RAW DATA —
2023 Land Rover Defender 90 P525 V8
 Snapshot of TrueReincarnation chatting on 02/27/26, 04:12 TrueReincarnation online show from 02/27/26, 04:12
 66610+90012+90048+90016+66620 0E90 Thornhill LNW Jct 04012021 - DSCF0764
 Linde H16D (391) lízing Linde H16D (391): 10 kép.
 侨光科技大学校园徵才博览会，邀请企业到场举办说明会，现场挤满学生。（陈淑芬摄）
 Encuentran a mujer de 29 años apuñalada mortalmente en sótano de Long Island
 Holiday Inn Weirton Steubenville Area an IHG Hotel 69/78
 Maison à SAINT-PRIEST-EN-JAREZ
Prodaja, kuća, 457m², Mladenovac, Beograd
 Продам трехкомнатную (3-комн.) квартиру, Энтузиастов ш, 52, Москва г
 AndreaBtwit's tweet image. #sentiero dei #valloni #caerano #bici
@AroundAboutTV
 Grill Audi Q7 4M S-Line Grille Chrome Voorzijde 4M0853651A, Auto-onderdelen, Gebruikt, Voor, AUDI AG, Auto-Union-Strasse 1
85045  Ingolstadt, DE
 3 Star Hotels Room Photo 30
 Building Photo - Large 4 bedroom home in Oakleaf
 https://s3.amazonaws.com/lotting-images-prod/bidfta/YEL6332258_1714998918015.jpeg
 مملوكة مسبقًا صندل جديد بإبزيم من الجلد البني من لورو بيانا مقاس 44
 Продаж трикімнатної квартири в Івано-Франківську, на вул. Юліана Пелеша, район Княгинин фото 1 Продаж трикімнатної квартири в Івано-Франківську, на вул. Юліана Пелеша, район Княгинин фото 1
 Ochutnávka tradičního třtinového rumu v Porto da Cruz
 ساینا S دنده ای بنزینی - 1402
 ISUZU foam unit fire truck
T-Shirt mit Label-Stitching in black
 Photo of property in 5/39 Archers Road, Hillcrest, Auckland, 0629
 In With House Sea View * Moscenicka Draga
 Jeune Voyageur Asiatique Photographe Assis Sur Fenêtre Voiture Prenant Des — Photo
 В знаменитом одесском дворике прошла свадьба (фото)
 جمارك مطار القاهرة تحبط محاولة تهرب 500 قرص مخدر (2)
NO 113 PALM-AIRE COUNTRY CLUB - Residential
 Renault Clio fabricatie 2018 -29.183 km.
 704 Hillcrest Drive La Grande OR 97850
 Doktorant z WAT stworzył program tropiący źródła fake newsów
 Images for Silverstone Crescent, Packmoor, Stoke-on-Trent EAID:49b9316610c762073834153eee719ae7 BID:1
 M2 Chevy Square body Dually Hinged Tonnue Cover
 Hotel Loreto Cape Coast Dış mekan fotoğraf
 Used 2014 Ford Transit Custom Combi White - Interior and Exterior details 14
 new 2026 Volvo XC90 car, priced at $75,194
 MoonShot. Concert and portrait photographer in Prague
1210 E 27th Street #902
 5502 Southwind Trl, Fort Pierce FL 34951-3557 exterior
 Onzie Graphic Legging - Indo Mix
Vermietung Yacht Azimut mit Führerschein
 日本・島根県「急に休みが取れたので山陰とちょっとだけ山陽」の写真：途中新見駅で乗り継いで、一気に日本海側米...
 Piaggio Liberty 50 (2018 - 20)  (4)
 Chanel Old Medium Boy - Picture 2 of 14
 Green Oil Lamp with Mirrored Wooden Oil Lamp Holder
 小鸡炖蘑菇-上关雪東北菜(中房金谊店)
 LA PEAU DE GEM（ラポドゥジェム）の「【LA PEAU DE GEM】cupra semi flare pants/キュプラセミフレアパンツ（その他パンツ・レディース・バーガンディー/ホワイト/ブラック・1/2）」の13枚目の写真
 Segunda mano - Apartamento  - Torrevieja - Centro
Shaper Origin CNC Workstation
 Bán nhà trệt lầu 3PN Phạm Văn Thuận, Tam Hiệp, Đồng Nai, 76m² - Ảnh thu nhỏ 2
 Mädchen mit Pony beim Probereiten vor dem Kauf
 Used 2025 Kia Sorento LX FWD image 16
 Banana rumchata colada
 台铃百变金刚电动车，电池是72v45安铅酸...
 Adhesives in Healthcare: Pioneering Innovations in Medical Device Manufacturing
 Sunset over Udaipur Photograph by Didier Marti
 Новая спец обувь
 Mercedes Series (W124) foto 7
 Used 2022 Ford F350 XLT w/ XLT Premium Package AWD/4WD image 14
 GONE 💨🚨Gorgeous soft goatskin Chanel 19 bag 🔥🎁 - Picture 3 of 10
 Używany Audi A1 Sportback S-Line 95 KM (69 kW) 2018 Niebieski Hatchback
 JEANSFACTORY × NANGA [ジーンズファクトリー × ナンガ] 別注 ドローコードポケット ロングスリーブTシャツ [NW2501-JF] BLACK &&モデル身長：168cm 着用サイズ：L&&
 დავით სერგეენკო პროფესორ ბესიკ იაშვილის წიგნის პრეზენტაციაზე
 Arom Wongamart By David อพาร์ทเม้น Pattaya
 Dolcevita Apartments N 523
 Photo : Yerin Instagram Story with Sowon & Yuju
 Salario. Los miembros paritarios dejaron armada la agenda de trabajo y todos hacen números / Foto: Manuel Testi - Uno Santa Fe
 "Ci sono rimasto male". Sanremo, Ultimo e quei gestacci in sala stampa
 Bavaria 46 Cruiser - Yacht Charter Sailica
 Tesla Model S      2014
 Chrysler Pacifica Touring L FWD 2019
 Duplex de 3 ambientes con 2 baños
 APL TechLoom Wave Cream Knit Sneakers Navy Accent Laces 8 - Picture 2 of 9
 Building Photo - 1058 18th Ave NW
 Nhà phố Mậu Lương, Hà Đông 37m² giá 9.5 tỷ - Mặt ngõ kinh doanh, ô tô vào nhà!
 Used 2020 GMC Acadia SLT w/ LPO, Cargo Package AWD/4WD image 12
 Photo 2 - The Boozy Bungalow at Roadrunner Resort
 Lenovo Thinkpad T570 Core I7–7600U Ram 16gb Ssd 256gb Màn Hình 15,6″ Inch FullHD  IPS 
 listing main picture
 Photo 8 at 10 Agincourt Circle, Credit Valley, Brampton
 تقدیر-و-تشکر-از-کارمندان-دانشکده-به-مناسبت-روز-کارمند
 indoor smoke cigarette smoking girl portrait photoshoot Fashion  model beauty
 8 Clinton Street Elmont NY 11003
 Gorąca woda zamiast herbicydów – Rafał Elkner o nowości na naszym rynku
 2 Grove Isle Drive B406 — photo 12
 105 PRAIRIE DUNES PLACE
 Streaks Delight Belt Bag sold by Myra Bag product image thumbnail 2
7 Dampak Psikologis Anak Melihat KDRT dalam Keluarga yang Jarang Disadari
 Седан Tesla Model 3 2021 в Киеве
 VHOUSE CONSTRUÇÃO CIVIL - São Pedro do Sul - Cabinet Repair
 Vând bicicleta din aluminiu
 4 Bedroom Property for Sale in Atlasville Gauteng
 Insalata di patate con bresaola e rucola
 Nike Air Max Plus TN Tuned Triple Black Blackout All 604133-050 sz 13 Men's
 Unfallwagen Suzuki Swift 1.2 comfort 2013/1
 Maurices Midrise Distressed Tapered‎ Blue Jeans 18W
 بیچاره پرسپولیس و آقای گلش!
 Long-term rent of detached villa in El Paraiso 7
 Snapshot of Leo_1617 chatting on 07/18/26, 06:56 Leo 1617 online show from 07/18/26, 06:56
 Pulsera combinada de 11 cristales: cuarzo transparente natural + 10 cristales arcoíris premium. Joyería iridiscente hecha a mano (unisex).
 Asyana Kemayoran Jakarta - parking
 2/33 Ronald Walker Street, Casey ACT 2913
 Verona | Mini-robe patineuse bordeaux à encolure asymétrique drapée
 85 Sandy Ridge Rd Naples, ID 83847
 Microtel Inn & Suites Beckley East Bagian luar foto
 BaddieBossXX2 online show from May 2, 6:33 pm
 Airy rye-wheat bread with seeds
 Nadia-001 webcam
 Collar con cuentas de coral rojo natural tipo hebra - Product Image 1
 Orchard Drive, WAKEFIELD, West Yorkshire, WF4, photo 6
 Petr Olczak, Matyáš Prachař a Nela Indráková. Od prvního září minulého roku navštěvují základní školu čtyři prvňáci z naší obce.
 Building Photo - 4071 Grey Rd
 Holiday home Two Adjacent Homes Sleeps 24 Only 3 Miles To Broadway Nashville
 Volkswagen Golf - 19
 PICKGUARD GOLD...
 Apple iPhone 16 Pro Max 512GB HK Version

EXERCISE DETAILS —
In the entries above, find the line with "Продам трехкомнатную (3-комн.)" and the line with "Building Photo - Large", then restate word for word both of them and every line between, with nothing more.

TASK SOLUTION —
 Продам трехкомнатную (3-комн.) квартиру, Энтузиастов ш, 52, Москва г
 AndreaBtwit's tweet image. #sentiero dei #valloni #caerano #bici
@AroundAboutTV
 Grill Audi Q7 4M S-Line Grille Chrome Voorzijde 4M0853651A, Auto-onderdelen, Gebruikt, Voor, AUDI AG, Auto-Union-Strasse 1
85045  Ingolstadt, DE
 3 Star Hotels Room Photo 30
 Building Photo - Large 4 bedroom home in Oakleaf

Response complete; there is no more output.